Subsidy removal: We didn’t bargain for current hardship – Gani Adams

The Aare Ona Kakanfo of Yoruba land, Chief Gani Adams, has expressed disappointment over the current economic hardship in the country triggered off by the removal of fuel subsidy.

In a statement by his Special Assistant on Media, Kehinde Aderemi, on Thursday, Adams said Nigerians did not expect this kind of hardship under President Bola Tinubu, being from the South-West.

Adams said, “This situation is becoming very unbearable. There is no country in the world like Nigeria (a major producer of oil) where the citizens are groaning in pain over an insensitive increase in the prices of fuel.

“We knew how much we bought fuel before now. Nigeria is yet to survive the subsidy removal that led to the sudden increase in the price of fuel from N187 to N500 per litre before it was jerked up to N617 per litre within two months. It is painful. No sensitive government would be happy when its citizens were suffering.

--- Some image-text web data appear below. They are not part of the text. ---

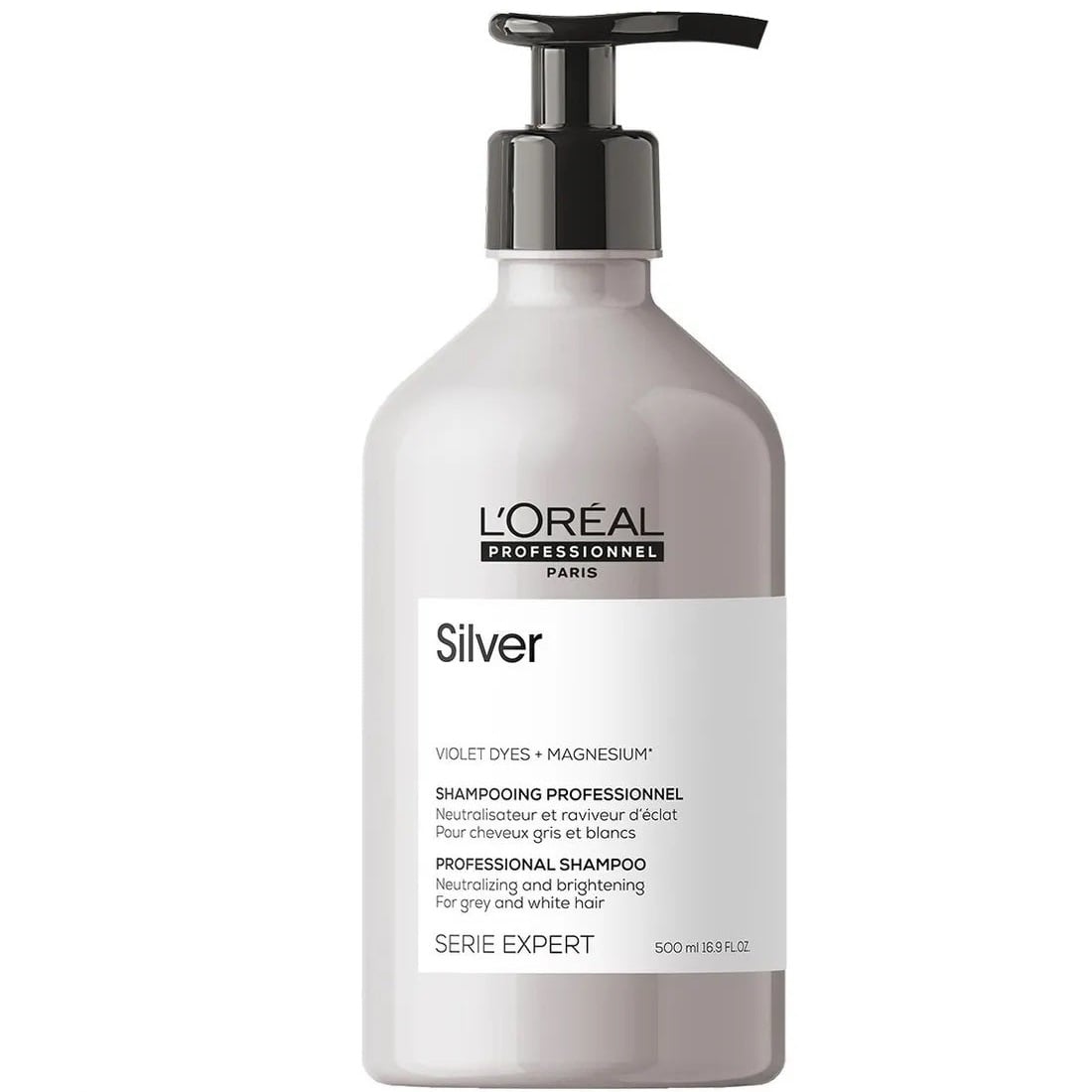SHAMPOO LOREAL PROFESSIONNEL EMPHASELOSI003 500ML CABELLO GRIS O CON CANAS LOREAL SILVER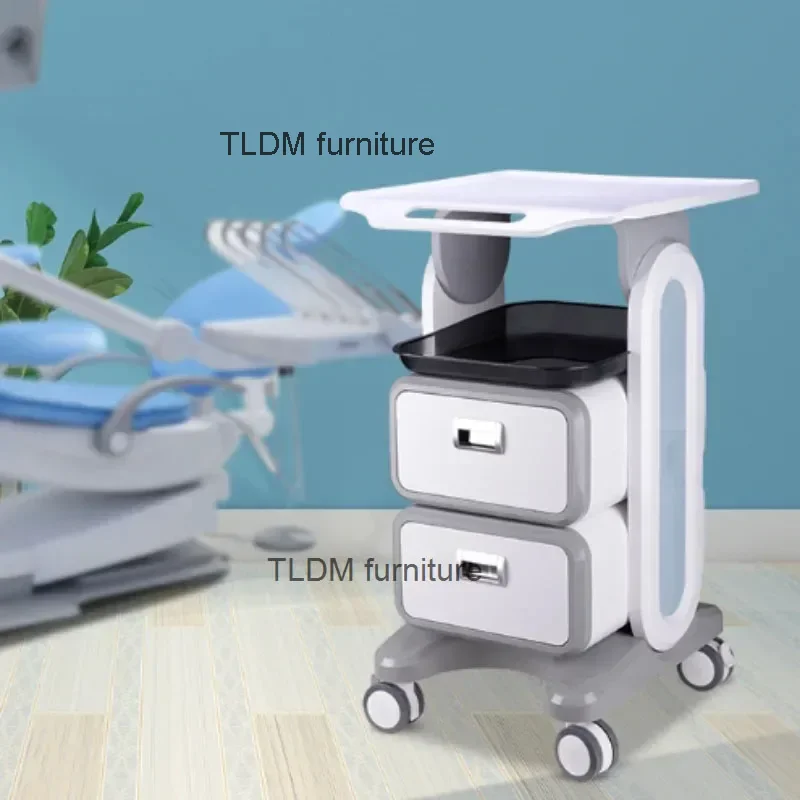 Modern Mobile salon Trolleys Hospital Medical Dental Tool Cart with Two or One Drawer Dental Plastic Storage Tool Trolley Cart Z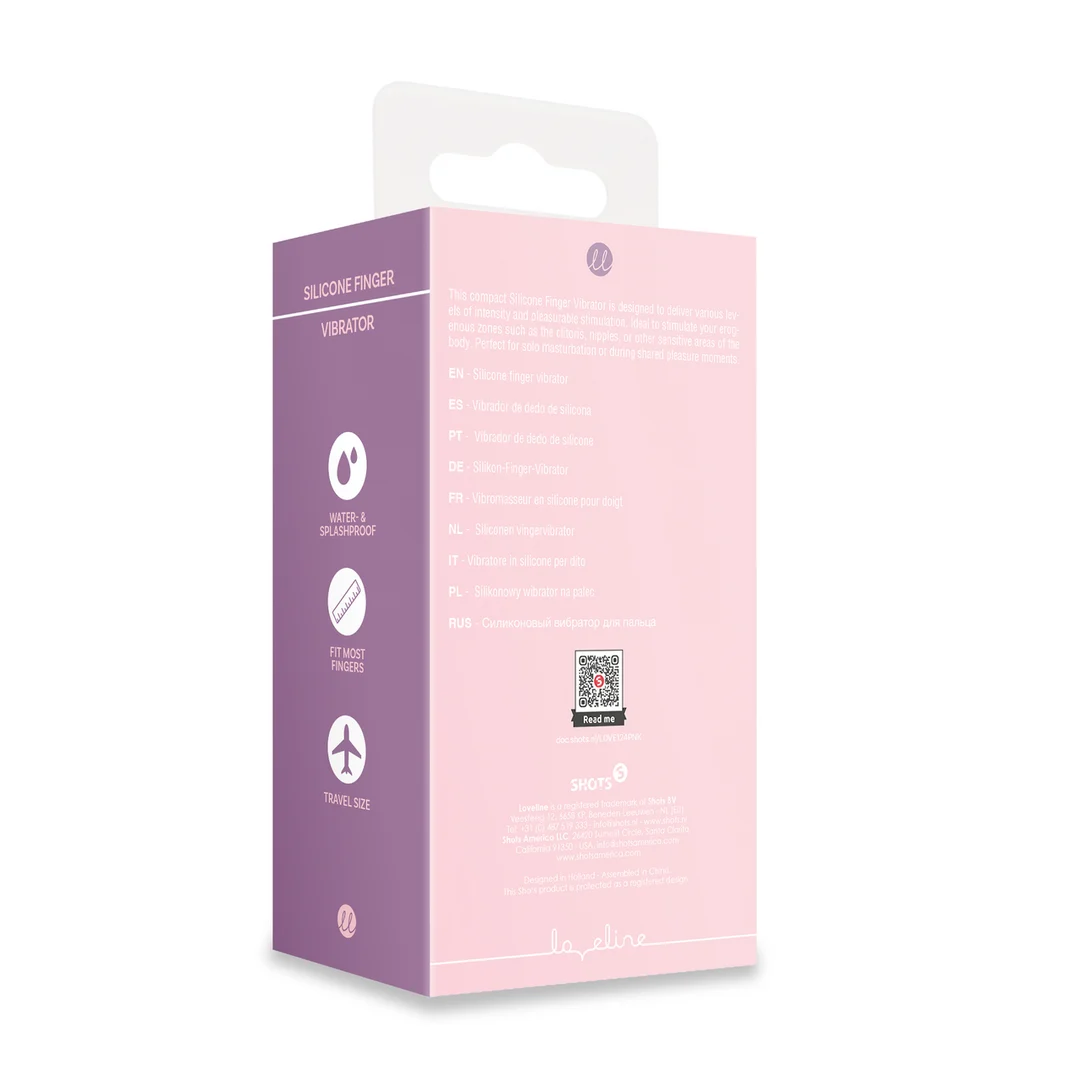 Vibrateur pour les doigts en silicone Loveline – Image 2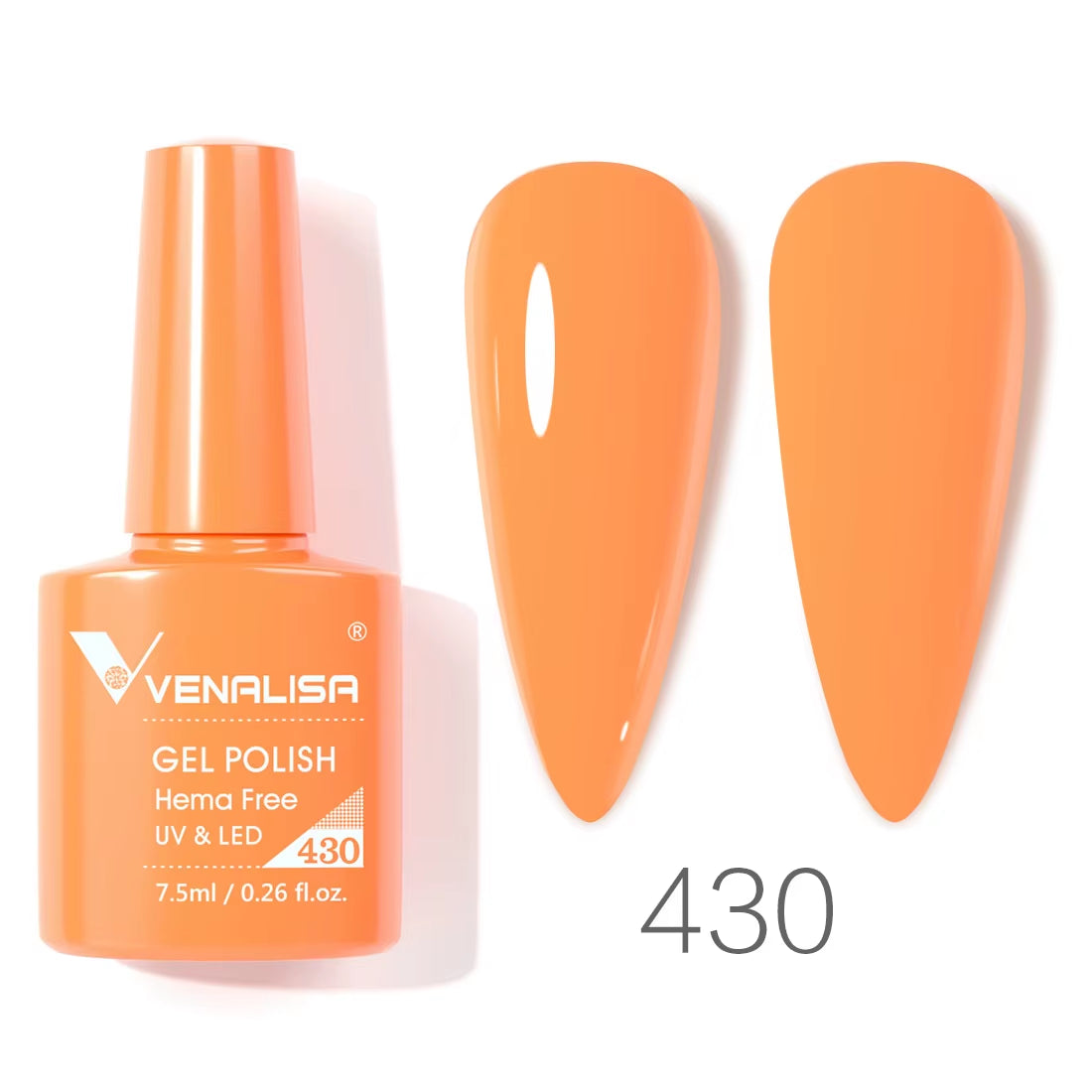 VIP4 TPO-Free Nail Gel Polish - 7.5ml Soak Off UV/LED Varnish for Stunning Full Coverage Manicure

“It is imperative for me to speak up, especially with what we are experiencing now in the country. It is unfortunate; this is not what we expect from a President who is coming from the South-West region of the country.

“A father must work on the best way to solve the problem of the children.”

“All over the world, many things have been subsidised in the interest of the mass of the people. Power, health, food, and other necessities of life are being subsidised.

“Petrol, being the main commodity that moves the economy, and now the same product is being sold for N617 per litre. It is unbearable.

“For instance, an ordinary Nigerian worker travelling from the mainland to the island on a weekly basis would spend 25 litres of fuel per day—that is over N15,000 naira,” Adams lamented.

He called the President “to retrace his steps in order to save the country from this hardship.”